• WHAT THE TASK REQUIRES
Return exactly the lines below, starting with the one that has "мяу мяу мука Дубна" and going on through the one that has "15년2월8일 진소식지1 (7).jpg : <여경지근8진> 주일사역보고".

• STORED DATA
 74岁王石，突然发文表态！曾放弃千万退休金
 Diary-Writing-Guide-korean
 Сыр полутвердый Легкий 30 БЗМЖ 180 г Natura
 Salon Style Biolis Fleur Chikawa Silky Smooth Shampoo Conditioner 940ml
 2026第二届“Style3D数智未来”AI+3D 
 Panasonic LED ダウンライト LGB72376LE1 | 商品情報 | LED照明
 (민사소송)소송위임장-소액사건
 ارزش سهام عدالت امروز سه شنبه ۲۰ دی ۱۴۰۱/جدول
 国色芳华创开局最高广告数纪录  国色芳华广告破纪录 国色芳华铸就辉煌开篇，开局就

--

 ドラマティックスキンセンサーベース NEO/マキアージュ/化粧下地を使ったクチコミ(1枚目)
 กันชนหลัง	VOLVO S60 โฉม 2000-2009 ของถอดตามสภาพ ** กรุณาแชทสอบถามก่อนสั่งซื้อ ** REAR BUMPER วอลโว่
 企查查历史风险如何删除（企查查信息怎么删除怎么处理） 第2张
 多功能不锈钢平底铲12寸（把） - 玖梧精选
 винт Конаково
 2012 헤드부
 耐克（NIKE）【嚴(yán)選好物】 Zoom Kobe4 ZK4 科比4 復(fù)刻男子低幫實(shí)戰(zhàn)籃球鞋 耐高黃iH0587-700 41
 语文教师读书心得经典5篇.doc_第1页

* * *

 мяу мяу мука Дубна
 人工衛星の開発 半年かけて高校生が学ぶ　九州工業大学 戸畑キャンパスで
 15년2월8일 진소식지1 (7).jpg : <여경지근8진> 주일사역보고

• RESPONSE TO THE EXERCISE
 мяу мяу мука Дубна
 人工衛星の開発 半年かけて高校生が学ぶ　九州工業大学 戸畑キャンパスで
 15년2월8일 진소식지1 (7).jpg : <여경지근8진> 주일사역보고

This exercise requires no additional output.